■ EXERCISE ■
Among the entries below, which lines run from the line with "Al Fredo - @alfredoleyton - TikTok" through the line with "Ping G430 Max 10K 9.0* Driver Regular Flex"? Retype those, both ends included, exactly and without pictures.

■ INFORMATION SHOWN ■
····················
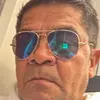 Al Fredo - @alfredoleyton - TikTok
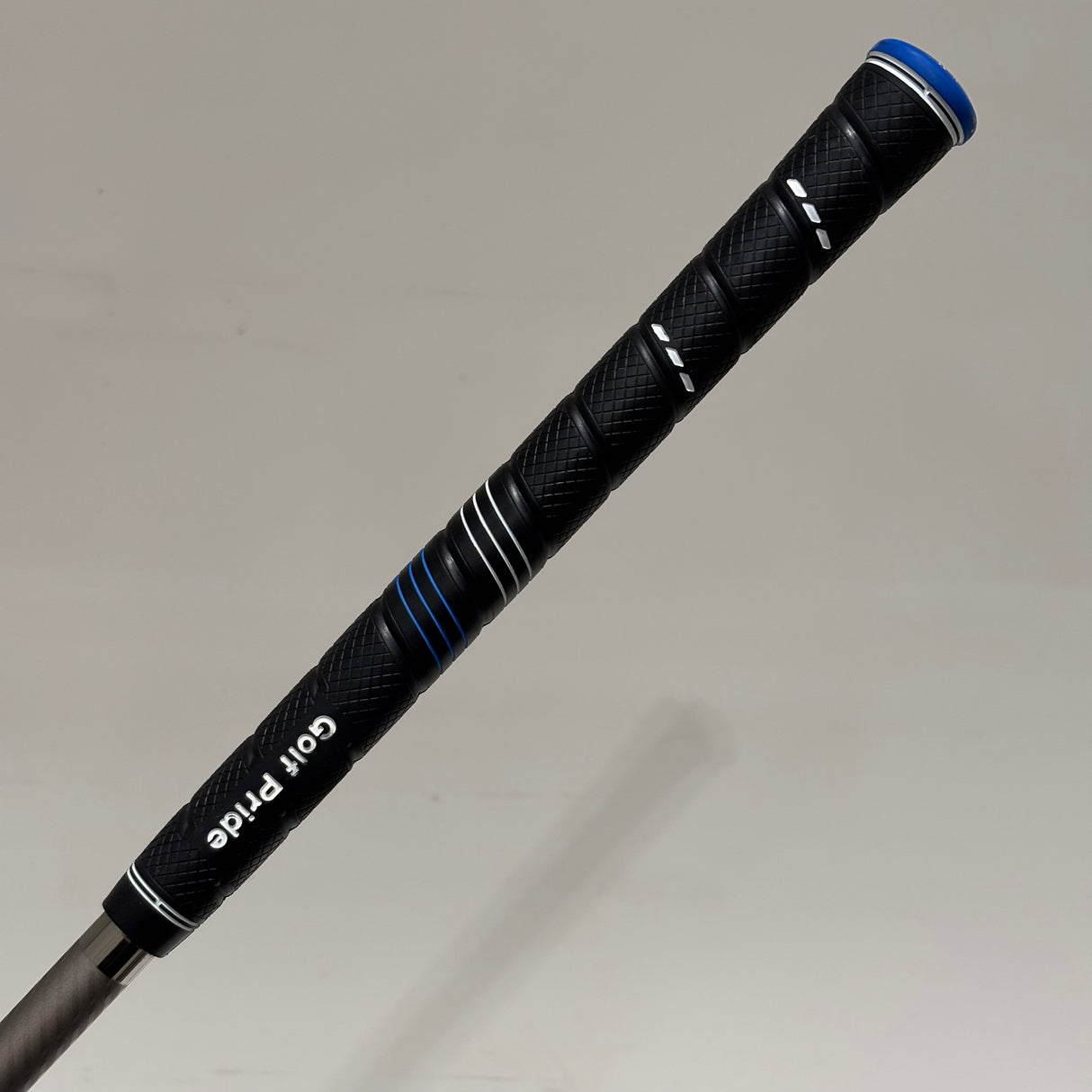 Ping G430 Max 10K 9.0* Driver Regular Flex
····················
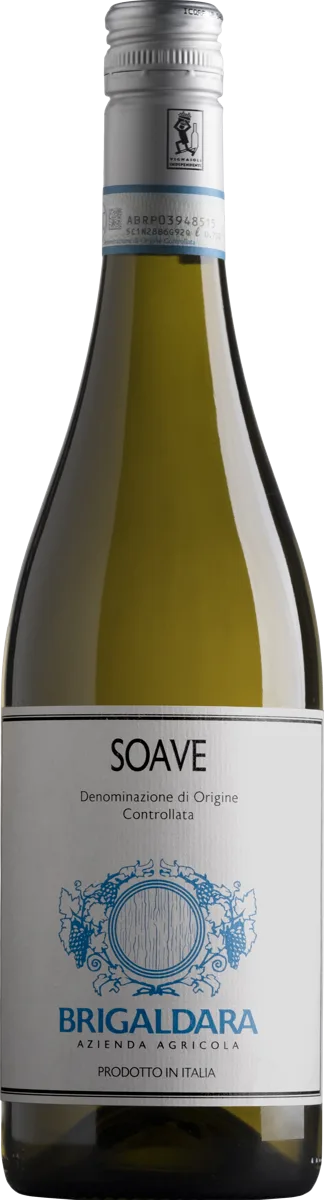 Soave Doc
····················
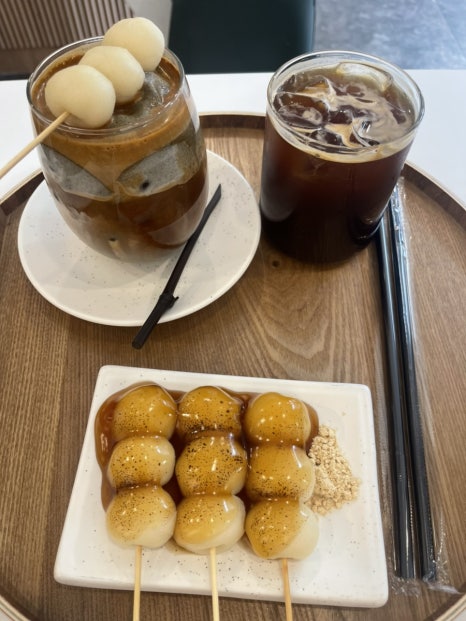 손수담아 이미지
····················
■ ANSWER TO THIS TASK ■
 Al Fredo - @alfredoleyton - TikTok
 Ping G430 Max 10K 9.0* Driver Regular Flex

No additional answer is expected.